Monday, March 2, 2015

Blog Set 9: Fantasy

I.

After watching The Lord of the Rings: The Fellowship of the Ring consider the following and respond in your blog:


Tolkien said that fairy tales have three functions:

Recovery: Think about the portrayal of the Shire. What sense was Tolkien trying to recover? Can you think of any other concepts that the film helps to recover that may seem missing from our world?

Escapism: Myths transport us to another reality in which we are able to think freely. How did seeing the film change your perspective on the reality of your world?

Consolation: 'It is a sudden and miraculous grace that is in fact evangelism, giving a fleeting feeling of Joy, Joy beyond the walls of the world, poignant as grief . . .' What elements of the film made you feel joyful?

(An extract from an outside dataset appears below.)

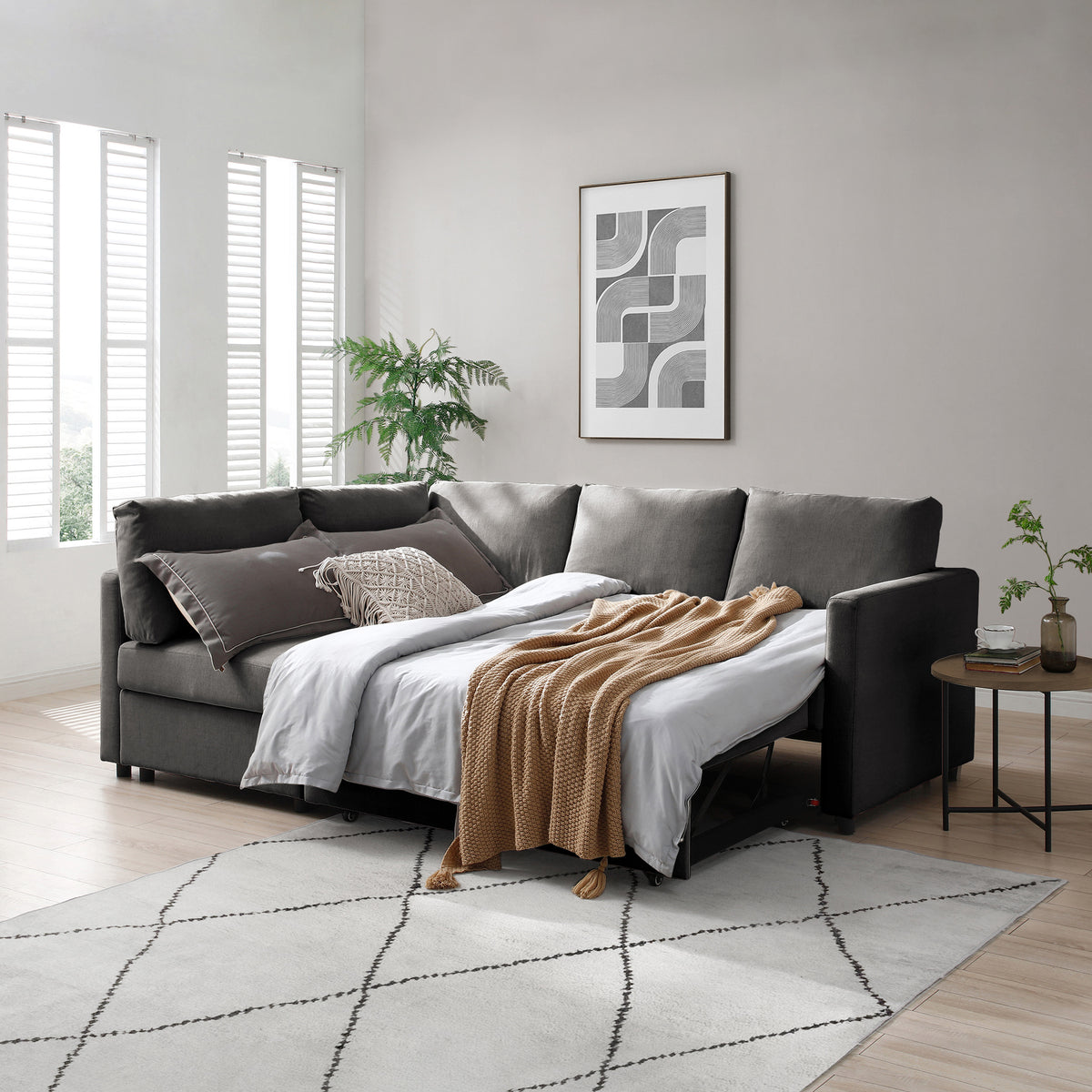 Staunton Corner Sofabed Grey from Roseland Furniture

(questions from the Damaris Film & Bible blog: http://www.damaris.org/film-and-bible-blog/2840)



II. 
After viewing Ever After, consider the following and respond in your blog: 

1. Bruno Bettelheim, a scholar who has studied fairy tales, contends that the dark and threatening figures in fairy tales should not be sanitized; that children make use of them to work through their fears and primitive emotions. Do you agree or disagree?

2. What is the childhood fear that the Cinderella fairy tale explores?

3. Name some other fairy tales and talk about the fears or concerns of childhood that they explore. What about: Hansel and Gretel, Beauty and the Beast, Sleeping Beauty, or Snow White and the Seven Dwarfs?